PROBLEM DETAILS ▸ All lines below starting at the one that holds "Image of Korean" and ending at the one that holds "Sac gris avec" should be printed exactly, ends included. Pictures should not be printed, nor anything else.

DATA PROVIDED ▸
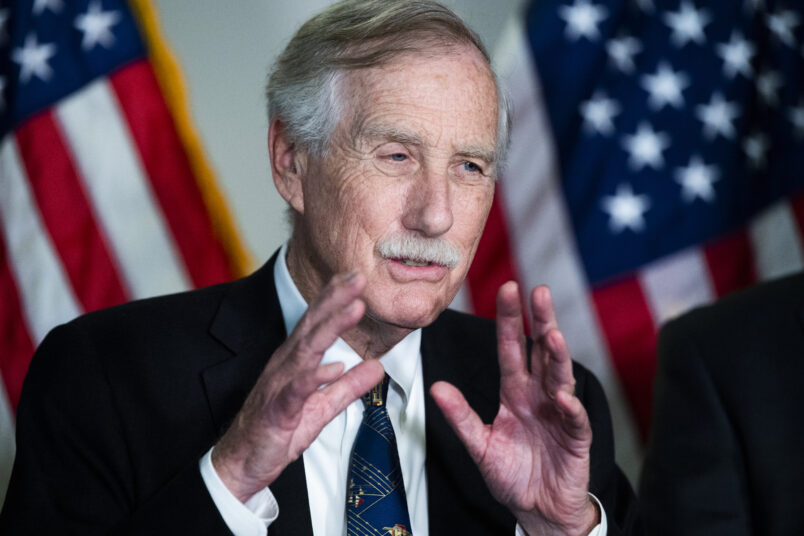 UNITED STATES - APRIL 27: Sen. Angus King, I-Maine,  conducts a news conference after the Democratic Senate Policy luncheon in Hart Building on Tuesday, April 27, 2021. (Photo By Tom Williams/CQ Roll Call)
* * *
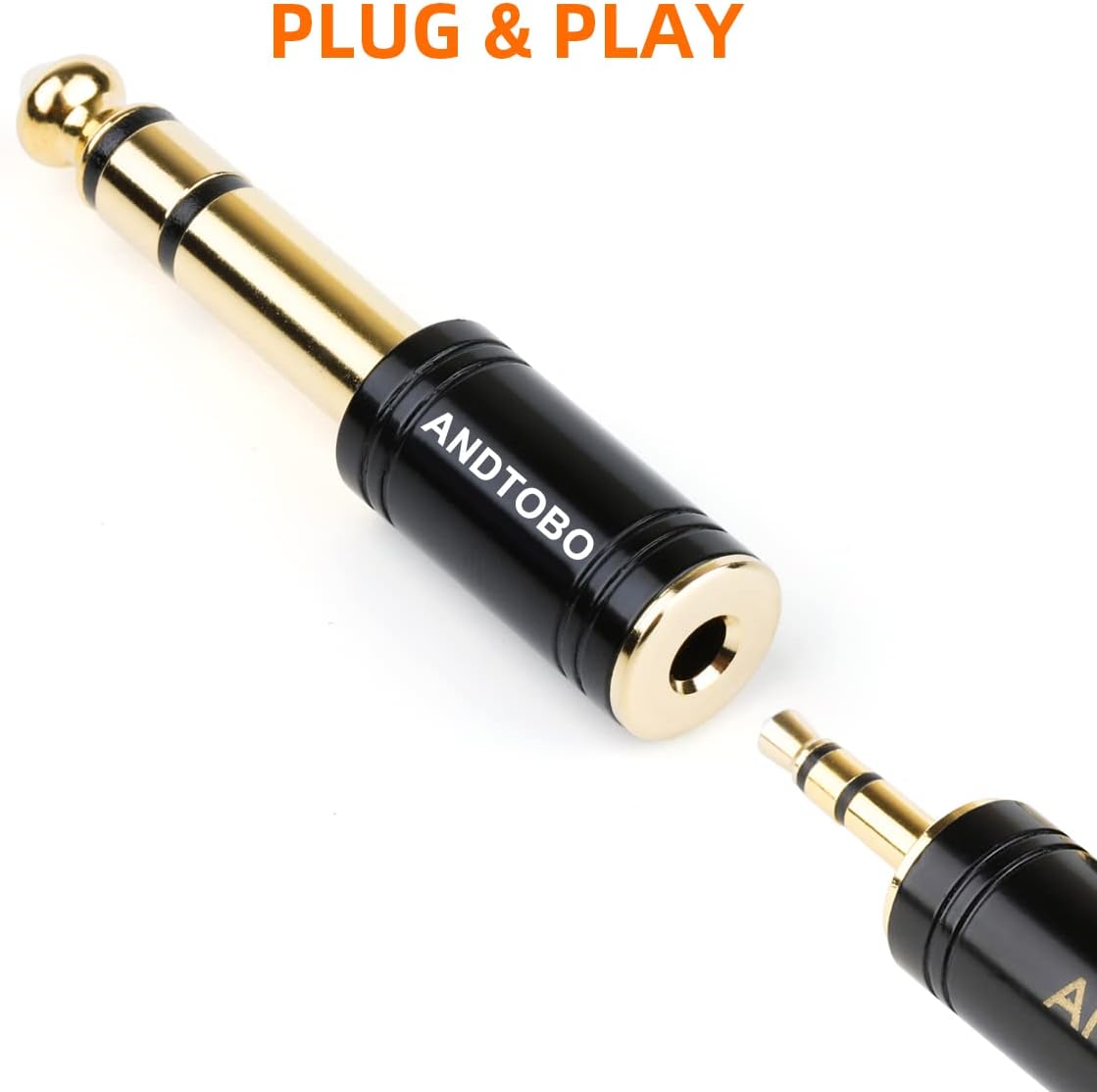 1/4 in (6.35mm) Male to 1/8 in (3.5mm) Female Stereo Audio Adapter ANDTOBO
...
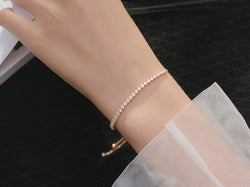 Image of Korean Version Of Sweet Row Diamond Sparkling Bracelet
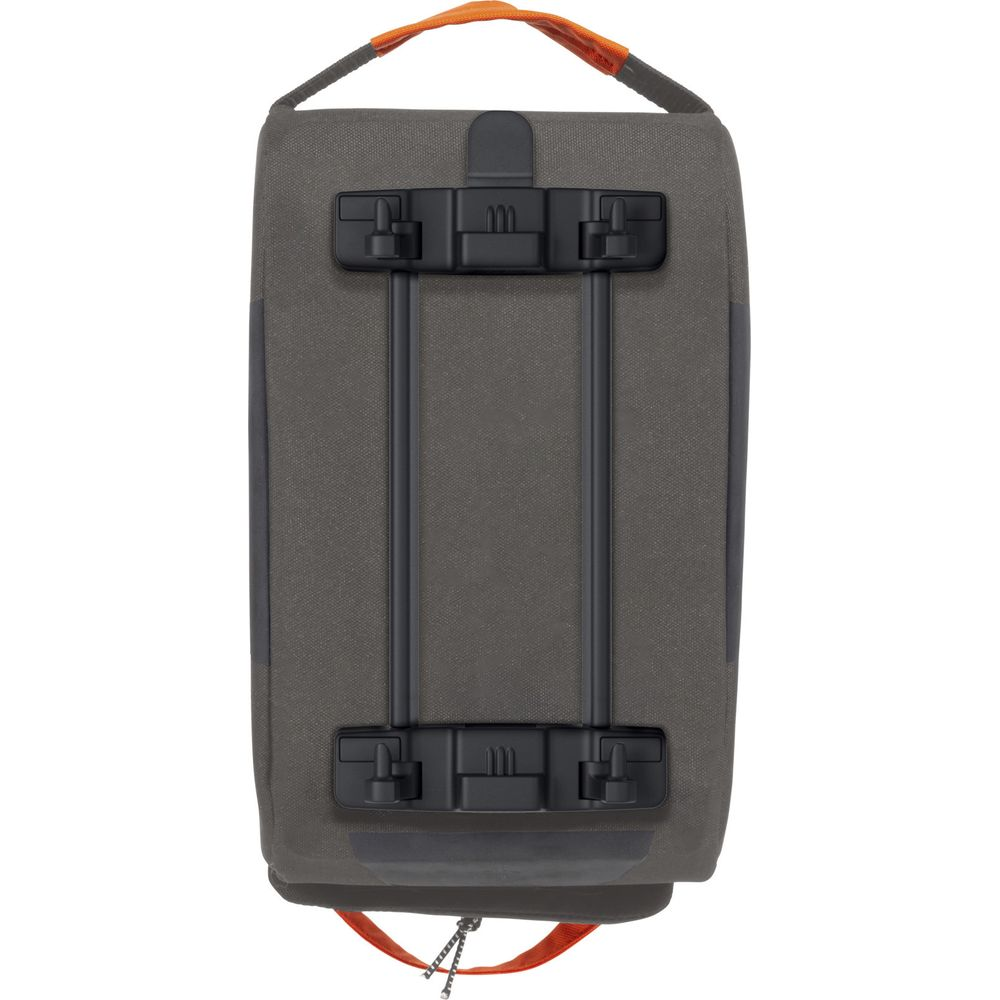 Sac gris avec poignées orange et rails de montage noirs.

EXERCISE RESULT ▸
 Image of Korean Version Of Sweet Row Diamond Sparkling Bracelet
 Sac gris avec poignées orange et rails de montage noirs.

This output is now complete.